Note: you can use other tools like Diamond, ProtHint. You just have to provide a gff file in alignment format such as:
chr_1 exonerate_to_gff match 2 100 100.00 + . ID=match.95357;Dbxref=exonerate:0;Name=tr|A0A4Q4NES4|A0A4Q4NES4_9PLEO
chr_1 exonerate_to_gff match_part 2 100 100.00 + . ID=match.95357.0;Parent=match.95357;Dbxref=exonerate:tr|A0A4Q4NES4|A0A4Q4NES4_9PLEO;Target=tr|A0A4Q4NES4|A0A4Q4NES4_9PLEO 11 44
chr_1 exonerate_to_gff match 176525 177163 71.58 + . ID=match.117446;Dbxref=exonerate:1;Name=tr|M2UAA1|M2UAA1_COCH5
chr_1 exonerate_to_gff match_part 176525 176963 71.58 + . ID=match.117446.0;Parent=match.117446;Dbxref=exonerate:tr|M2UAA1|M2UAA1_COCH5;Target=tr|M2UAA1|M2UAA1_COCH5 33 101
chr_1 exonerate_to_gff match_part 177030 177163 71.58 + . ID=match.117446.1;Parent=match.117446;Dbxref=exonerate:tr|M2UAA1|M2UAA1_COCH5;Target=tr|M2UAA1|M2UAA1_COCH5 103 181
3) Prepare your data and validate them
# validate the gene models for each predictor / source
ingenannot -v 2 validate src1.gff
ingenannot -v 2 validate src2.gff
ingenannot -v 2 validate src3.gff
# validate the evidence files
ingenannot -v 2 validate transcripts.gff
ingenannot -v 2 validate proteins.gff
# longreads.gff could be your raw file or top/alternatives from isoform_ranking
# we recommend to use the top and keep the alternatives for possible isoforms
ingenannot -v 2 validate longreads.gff
# prepare the data
sort -k1,1 -k4g,4 transcripts.gff > transcripts.sorted.gff
bgzip transcripts.sorted.gff
tabix -p gff transcripts.sorted.gff.gz
sort -k1,1 -k4g,4 longreads.gff > longreads.sorted.gff
bgzip longreads.sorted.gff
tabix -p gff longreads.sorted.gff.gz
sort -k1,1 -k4g,4 proteins.gff > proteins.sorted.gff
bgzip proteins.sorted.gff
tabix -p gff proteins.sorted.gff.gz
3.b) Filter TEs genes
If your gene predictions do not care about TEs, filter them before AED and gene selection.

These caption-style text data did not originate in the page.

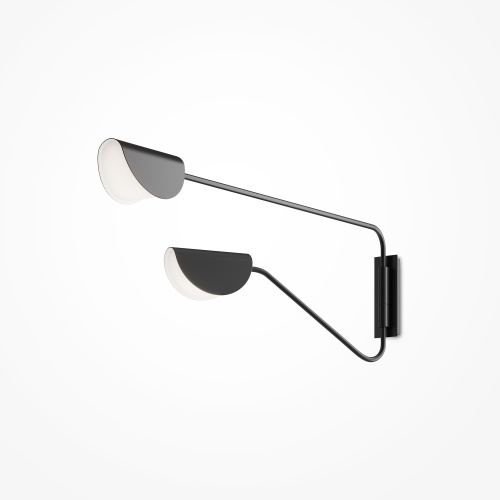 Настенный светильник (бра) Maytoni MOD126WL-02B фото 3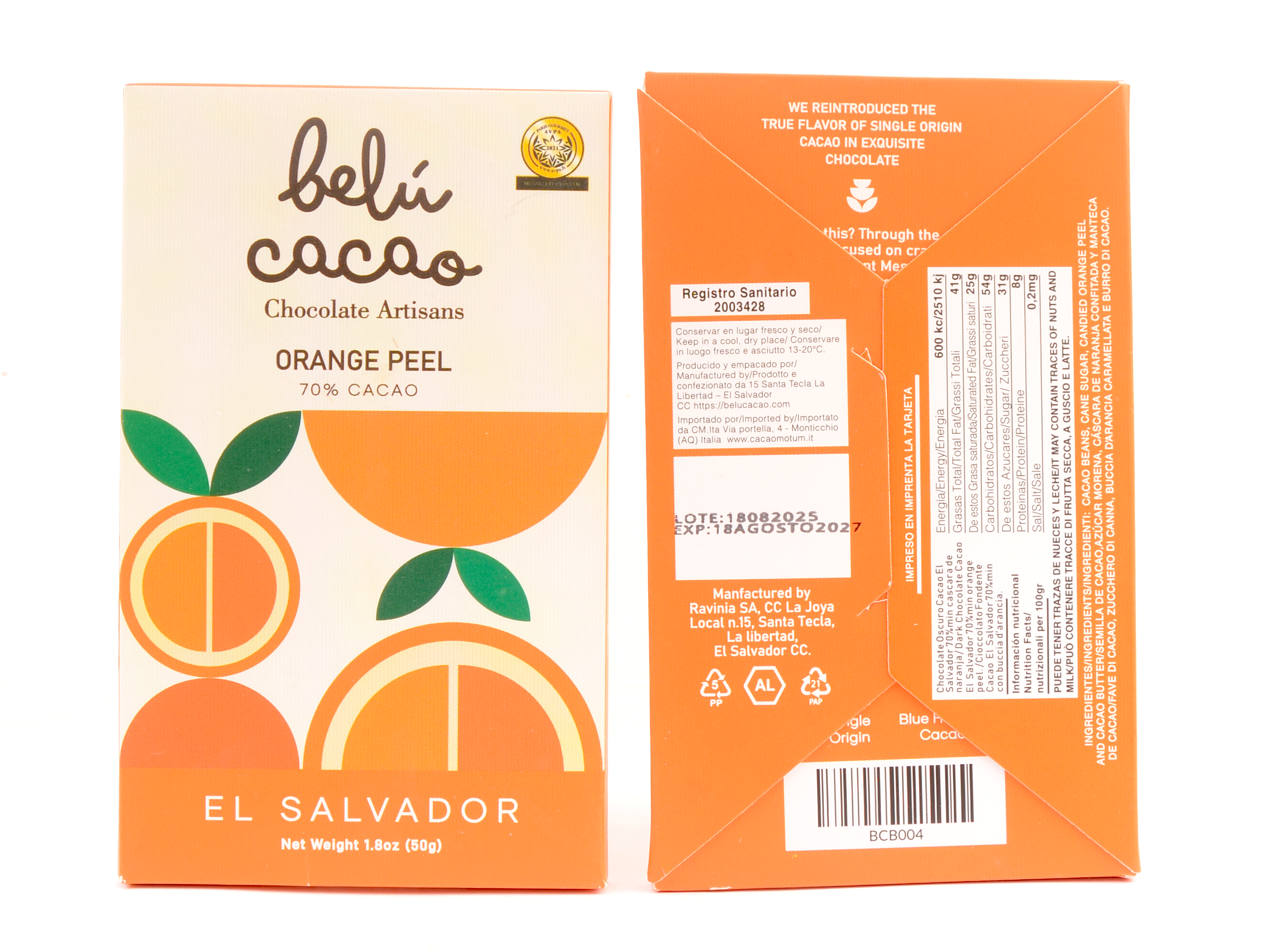 Belú Orange 70%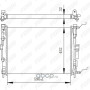 FEHU РАДИАТОР MEGANE II 02- МКПП АКПП(FEHU)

# filter gene models of each predictor / source overlapping TEs annotations
ingenannot -v 2 filter src1.gff TEs.gff src1.noTE.gff3 -f match_part
ingenannot -v 2 filter src2.gff TEs.gff src2.noTE.gff3 -f match_part
ingenannot -v 2 filter src3.gff TEs.gff src3.noTE.gff3 -f match_part
4) Run aed on each gene dataset
# run aed on each source, use specific parameters if necessary, but keep the same for all sources
ingenannot -v 2 -p 10 aed src1.gff src1.aed.gff src1 transcripts.sorted.gff.gz proteins.sorted.gff.gz --longreads longreads.sorted.gff.gz --evtrstranded --longreads_source "PacBio" --penalty_overflow 0.2 --aed_tr_cds_only
ingenannot -v 2 -p 10 aed src2.gff src2.aed.gff src2 transcripts.sorted.gff.gz proteins.sorted.gff.gz --longreads longreads.sorted.gff.gz --evtrstranded --longreads_source "PacBio" --penalty_overflow 0.2 --aed_tr_cds_only
ingenannot -v 2 -p 10 aed src3.gff src3.aed.gff src3 transcripts.sorted.gff.gz proteins.sorted.gff.gz --longreads longreads.sorted.gff.gz --evtrstranded --longreads_source "PacBio" --penalty_overflow 0.2 --aed_tr_cds_only
5) Run select on annotated gene dataset
# write genes.fof
src1.aed.gff<TAB>src1
src2.aed.gff<TAB>src2
src3.aed.gff<TAB>src3
# run select with specific parameters, see doc
ingenannot -v 2 -p 10 select genes.fof select.genes.gff --noaedtr --clustranded --nbsrc_filter 2 --aedtr 0.4 --aedpr 0.2 --use_ev_lg--use_ev_lg --min_cds_len 100 --no_partial --genome genome.fasta --no_cds_overlap
6) Compare the selection with original datasets
# write compare.fof
src1.aed.gff<TAB>src1
src2.aed.gff<TAB>src2
src3.aed.gff<TAB>src3
select.genes.gff<TAB>select
# run compare
ingenannot -v 2 -p 10 compare compare.fof
For a more complete comparison, you can follow the use case Compare / Evaluate different annotation datasets.
Then you can perform extra-steps:
Add non-predicted Small Seceted Proteins: If you are working on a fungal genome with potential SSP, you can try to add unpredicted SSP (see rescue_effectors).
Add UTRs: You can now add UTRs to your gene models following this protocole: add_UTRs.
Add Isoforms: Add isoforms to your annotation with add new isoforms.